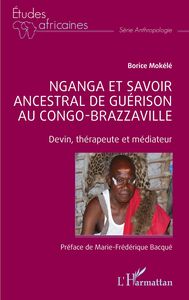 Nganga et savoir ancestral de guérison au Congo-Brazzaville Devin, thérapeute et médiateur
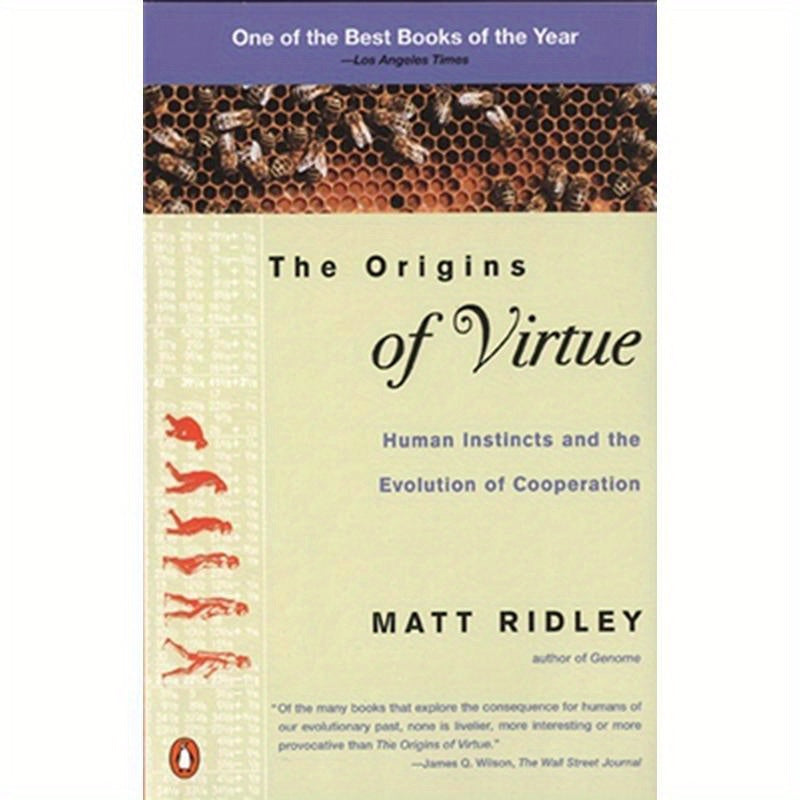 The Origins of Virtue: Human Instincts and the Evolution of Cooperation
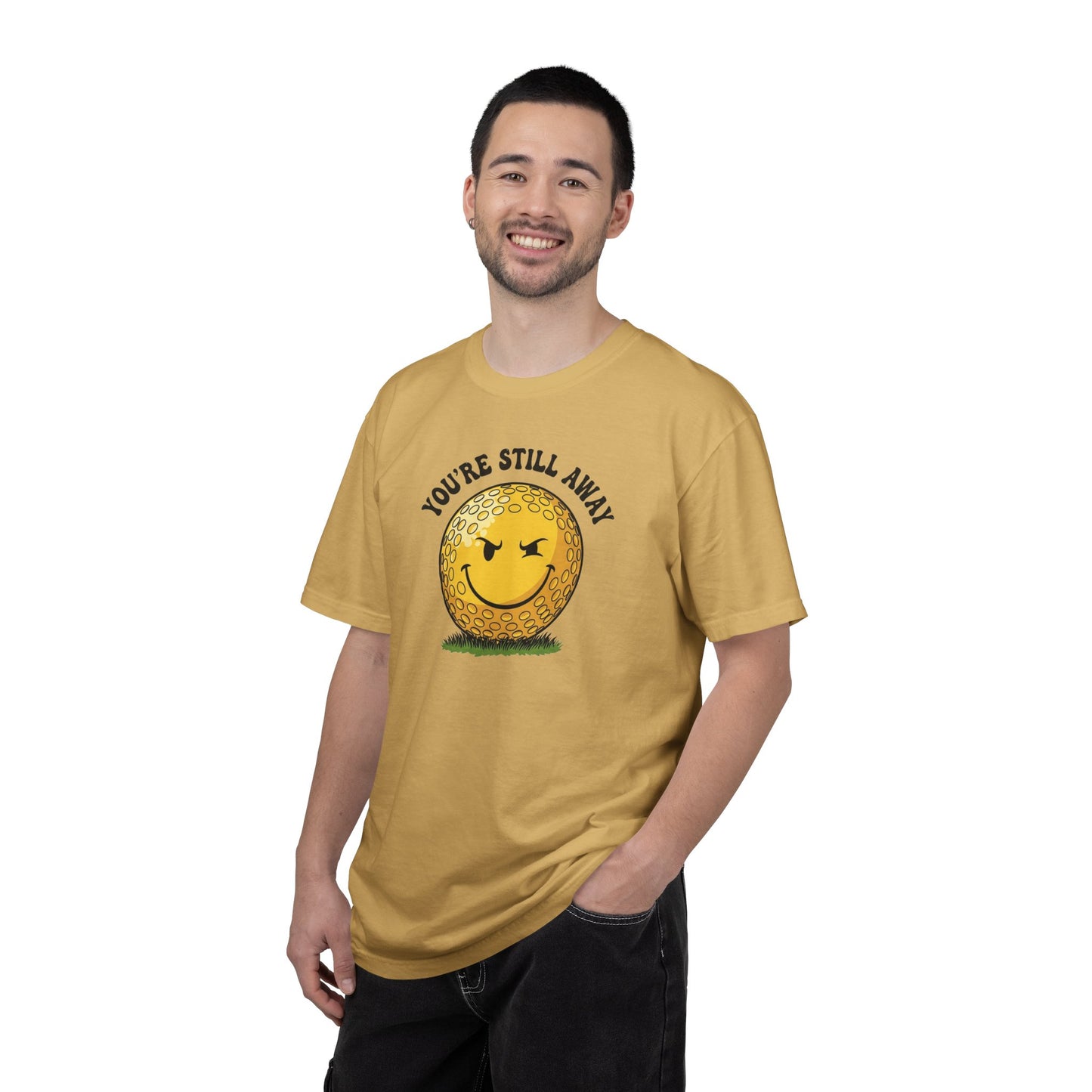 "You’re Still Away" Funny Golf Tee - It's a Golf Day Signature Apparel
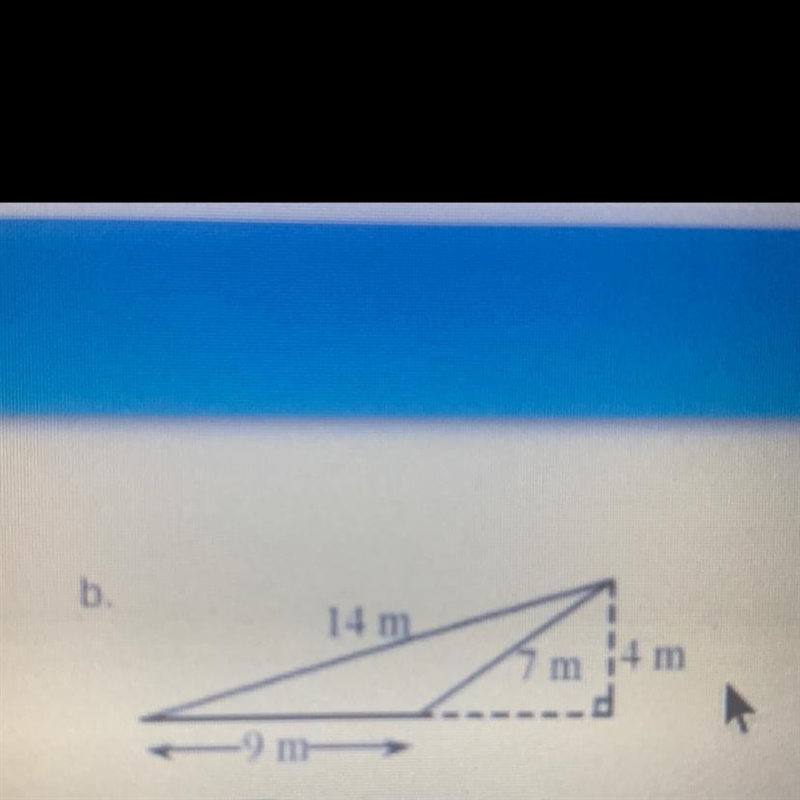 The area of a triangle with one side? (I would appreciate the help :) ) 14m 9m 7m-example-1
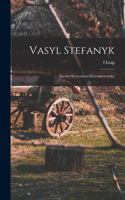 Vasyl Stefanyk: Sproba krytychnoï kharakterystyky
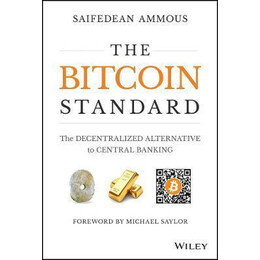 The Bitcoin Standard : the Decentralized Alternative to Central Banking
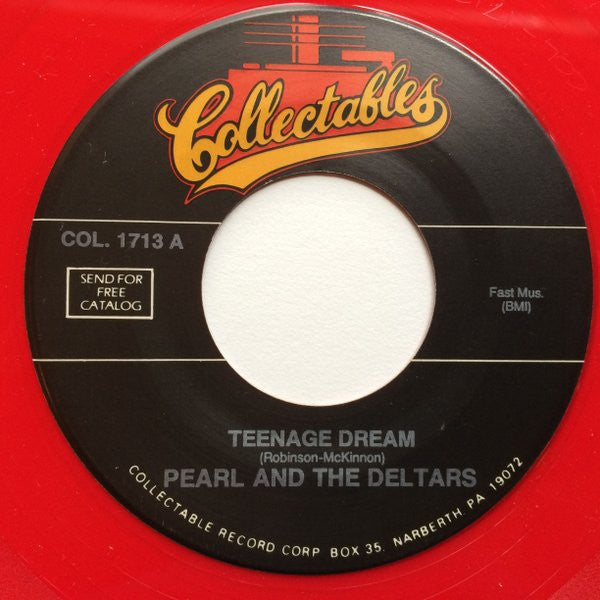 Pearl And The Deltars : Teenage Dream / Dance, Dance, Dance (7", RE, Red)
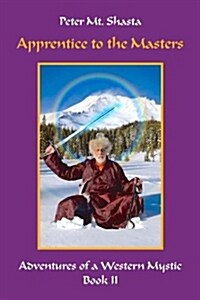 Apprentice to the Masters: Adventures of a Western Mystic, Part II (Paperback)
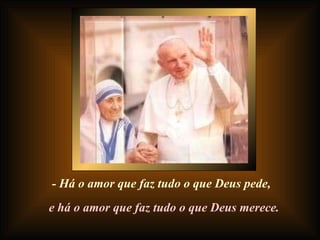 - Há o amor que faz tudo o que Deus pede, e há o amor que faz tudo o que Deus merece. 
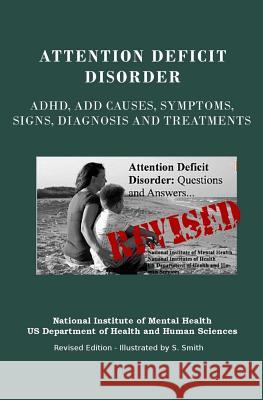 Attention Deficit Disorder: Adhd, Add Causes, Symptoms, Signs, Diagnosis and Treatments - Revised Edition - Illustrated by S. Smith National Institut Department of Health and Human Services 9781469948881 Createspace - książka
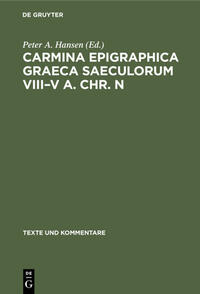 Carmina Epigraphica Graeca Saeculorum VIII–V a. Chr. n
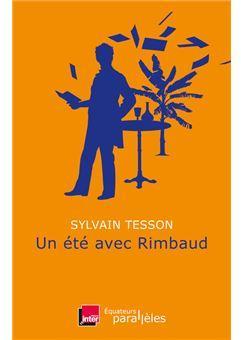 Un été avec Rimbaud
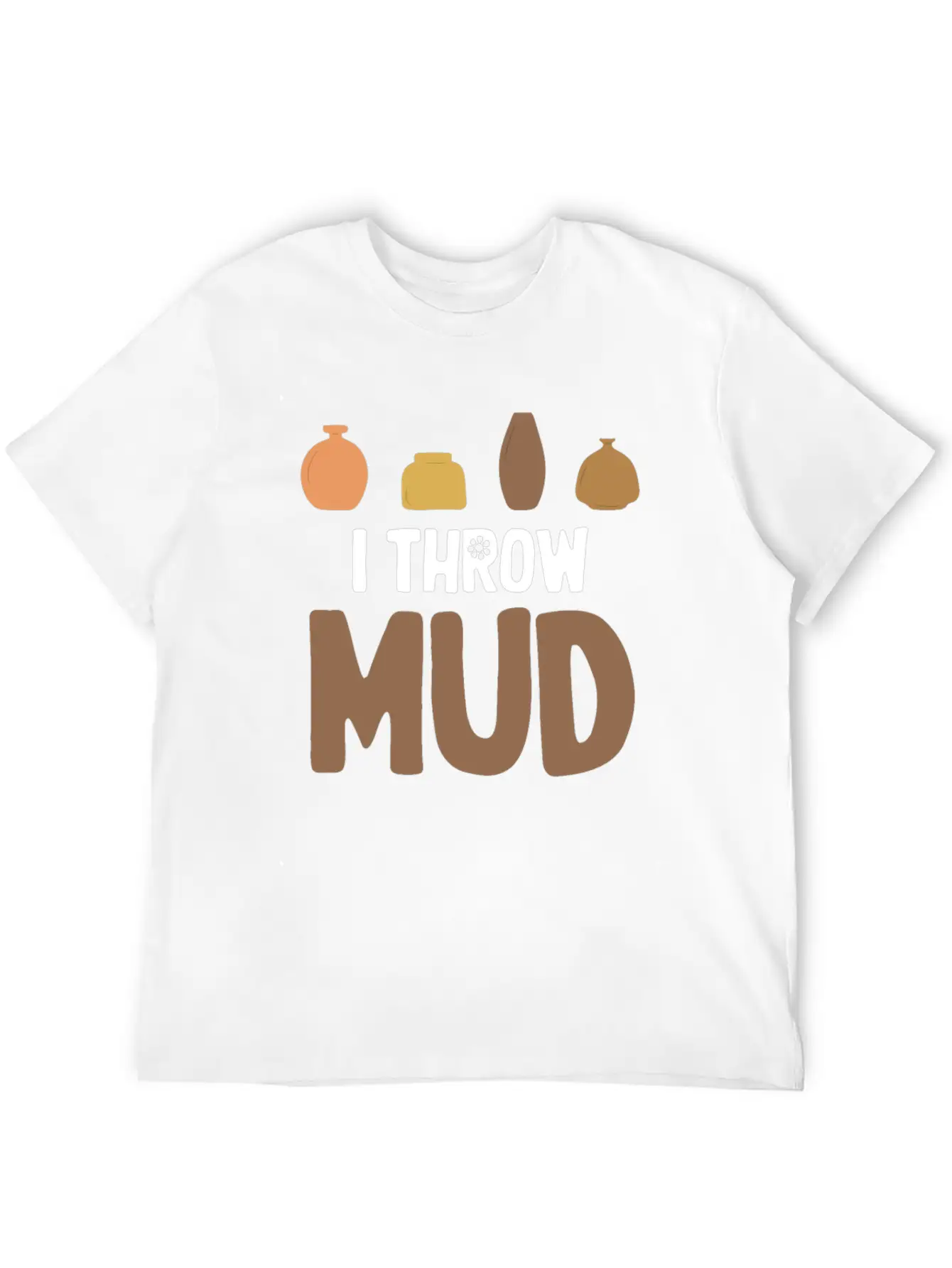 I Throw Mud Funny Pottery Crafty Wheel Molding Unisex Casual T-Shirt – Clean Design For Daily Comfort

======

**Exercise brief**
Every line from the one with "Pearl And The" through the end of the material above should be restated word for word, with the pictures left out.

**Written response**
 Pearl And The Deltars : Teenage Dream / Dance, Dance, Dance (7", RE, Red)
 Apprentice to the Masters: Adventures of a Western Mystic, Part II (Paperback)
 - Há o amor que faz tudo o que Deus pede, e há o amor que faz tudo o que Deus merece. 
 Attention Deficit Disorder: Adhd, Add Causes, Symptoms, Signs, Diagnosis and Treatments - Revised Edition - Illustrated by S. Smith National Institut Department of Health and Human Services 9781469948881 Createspace - książka
 Carmina Epigraphica Graeca Saeculorum VIII–V a. Chr. n
 Un été avec Rimbaud
 I Throw Mud Funny Pottery Crafty Wheel Molding Unisex Casual T-Shirt – Clean Design For Daily Comfort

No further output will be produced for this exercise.